Your State’s Biggest Stereotype, According to Google Maps

What's your state's biggest stereotype?
PHOTO: What’s your state’s biggest stereotype? (image capture by Barry Kaufman)

You may not be aware, but there’s a secret hidden inside the popular Google Maps navigation app.

Every time you cross a border, a tiny icon pops up at the bottom, welcoming you to that particular state or country with a cartoonish representation of the type of citizen you may encounter during your visit. After a long road trip, it can make for a fun and unexpected distraction, (which is, of course, something we all need while driving a motor vehicle.)

In the interest of motoring safety, and because some of Google’s choices in representing various states wander into bizarre territory, we’ve collected a few favorites below. And in doing so, we’ve discovered that every Google Map icon basically falls into one of five categories:

People Wearing Bizarre Costumes

Imagine Maine and Maryland showing up to a Halloween party together having to explain to everyone that they didn’t plan this. No one would believe them, and that’s when the rumors start that they’re dating.

Meanwhile, I’m pretty sure I saw a guy in that same bald eagle getup at a July 4th party. He crushed a whole 18-pack of Milwaukee’s Best and backflipped off a roof into my neighbor’s pool. Fun guy, he will be missed.

The Arizona icon is of course elaborately disguised as a cactus because he’s hiding from Joe Arpaio.


Let’s just all take a minute and be grateful that Google went with the young Elvis, then stand in awe of this majestic cartoon representation of Prince. Even in cartoon form, he’s better looking than 99 percent of the people reading this. This Google Icon is single-handedly responsible for a 25 percent increase in pregnancies in Minnesota.

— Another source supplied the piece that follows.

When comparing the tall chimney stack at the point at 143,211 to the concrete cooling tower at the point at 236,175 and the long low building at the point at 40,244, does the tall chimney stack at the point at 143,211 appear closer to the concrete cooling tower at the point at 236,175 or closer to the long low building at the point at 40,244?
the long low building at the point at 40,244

We’re assuming that the Michigan icon is supposed to represent Aretha Franklin. Take special note of the cherry on her shoulder because Google Maps has an odd fixation with:

People With Things On Their Shoulders

We have to split these up because A) There are so many and B) there’s entirely too much comedic potential here and so many questions that need answered.

Why is Alabama a boxer with Legend of Zelda rupees on his shoulders? The alien and the chili pepper I get, but why is New Mexico represented by Dan Aykroyd’s character from “The Great Outdoors”? Did we really need those slippers to make the connection that Kansas is Dorothy? Or the fleur de lis to drive home the Mardi Gras icon?

The maple leaf on Vermont is a nice touch, though, since, without it, I would have rightfully assumed that jug was full of hooch.

It took me forever to realize that was supposed to be Johnny Cash and not Neil Diamond. Does Arkansas even have diamond mines? Why are they shaped differently than Alabama diamonds?

I’m not sure what those flowers are supposed to be around the pilgrim, but the first one of you who says, “mayflowers” and then chuckles to yourself about your little joke may leave the room now.

Excellent job on the George Washington icon, though. You can see him shrugging slightly as if to say, “Peanuts? What? Eh, whatever.”


We get that the whole purpose of these things is to encapsulate an entire state with a single cartoon figure, but some of these are a little on the nose.

Nebraska and Wisconsin seem into it, but read the body language on Texas and Canada. I never realized a cartoon character could so effectively convey the emotion “Just take the picture already” so well.

Kentucky, meanwhile is too boozed up to care. Again, a little on the nose.

Icons That Don’t Make a Lot of Sense

Look, Google, we’re trying to operate a motor vehicle at a high rate of speed on an interstate here. You’ve already distracted us enough with your cartoon characters, don’t make us have to actually pick up the phone and try to Google what this icon means.

Take Delaware, for example. He’s decked out in patriotic gear and has shopping bags on both arms. Apart from being what every European pictures when they think of an American, why does this represent Delaware? Is it because shopping is tax-free? Because most credit card companies are based there?

And why is New Jersey a waitress, South Carolina a “Gone With the Wind” character (which was set in Georgia) and New Hampshire the first part of every Van Halen video?

So many questions, Google. Questions I can’t really answer since, y’know, I’m driving.